Senate Majority Leader Mitch McConnell, R-Ky., acknowledged that reality Tuesday when he pulled a Republican version replacing Obamacare because he could not win enough votes from his own party. And few believe his 11th-hour plan of trying to simply scrap the 2010 law has any real chance of gaining Senate approval.

Instead, Washington once again missed a chance to devise a health-care system which would control escalating costs of individual insurance policies while simultaneously extending government or private insurance to all Americans.

And while some Republicans are relieved that they may have put the divisive issue behind them, the reality is Congress eventually will have to repair the individual insurance marketplaces established by Obamacare while controlling future costs of Medicaid, the joint federal and state program which provides health care for low-income Americans.

For Republicans such as Sen. Rob Portman of Ohio, the political damage is uncertain. In 2015 when Portman and other Republicans knew that President Barack Obama would veto their bill, they easily passed a repeal of Obamacare. The 2015 vote was aimed at pacifying conservatives who abhorred Obamacare for imposing new taxes and mandates on the insurance market.

Those conservatives, many of whom voted for President Donald Trump, are almost certainly going to be enraged at congressional Republicans.

An analysis by the non-partisan Congressional Budget Office showed the GOP bill would have increased the number of uninsured Americans by 22 million in 2026 while scaling back an expansion of Medicaid which allowed Gov. John Kasich of Ohio to provide health coverage to more than 700,000 low-income people.

Efforts in the past to expand insurance to all Americans while controlling costs have foundered because of partisanship and the search for an elusive utopia. Both political parties have their fingerprints on the weapons that killed health care revisions throughout the past 60 years.

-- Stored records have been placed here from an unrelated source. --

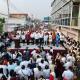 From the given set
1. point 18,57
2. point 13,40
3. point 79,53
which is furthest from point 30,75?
point 13,40

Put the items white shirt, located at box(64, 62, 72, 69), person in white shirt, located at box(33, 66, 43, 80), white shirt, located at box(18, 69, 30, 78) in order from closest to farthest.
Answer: white shirt, located at box(18, 69, 30, 78), person in white shirt, located at box(33, 66, 43, 80), white shirt, located at box(64, 62, 72, 69)

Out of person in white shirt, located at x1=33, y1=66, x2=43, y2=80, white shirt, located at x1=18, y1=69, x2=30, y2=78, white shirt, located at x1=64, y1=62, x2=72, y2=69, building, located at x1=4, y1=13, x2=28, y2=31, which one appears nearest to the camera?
white shirt, located at x1=18, y1=69, x2=30, y2=78

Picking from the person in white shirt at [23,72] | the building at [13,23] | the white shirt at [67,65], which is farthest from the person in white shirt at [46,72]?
the building at [13,23]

With that in mind, Kasich and 10 other governors from both parties Tuesday urged a bipartisan approach, declaring “the best next step is for both parties to come together and do what we can all agree on: Fix our unstable insurance markets.”

Obamacare cut the number of people without health coverage by 40 percent through federally subsidized private plans sold through the marketplaces, known as exchanges, and expanding Medicaid eligibility.

The drawback was not enough young people entered the federally subsidized individual markets, which drove up costs of premiums and led many insurance companies to drop out of the exchanges.

The CBO projected that Medicaid spending would spiral out of control, from $385 billion this year to $655 billion by 2027. The CBO concludes that by 2027, federal spending on Medicaid, Medicare and Social Security will be $3.6 trillion out of a total federal budget of $6.6 trillion. Without restraining spending on those programs, it will require massive tax increases to balance the budget.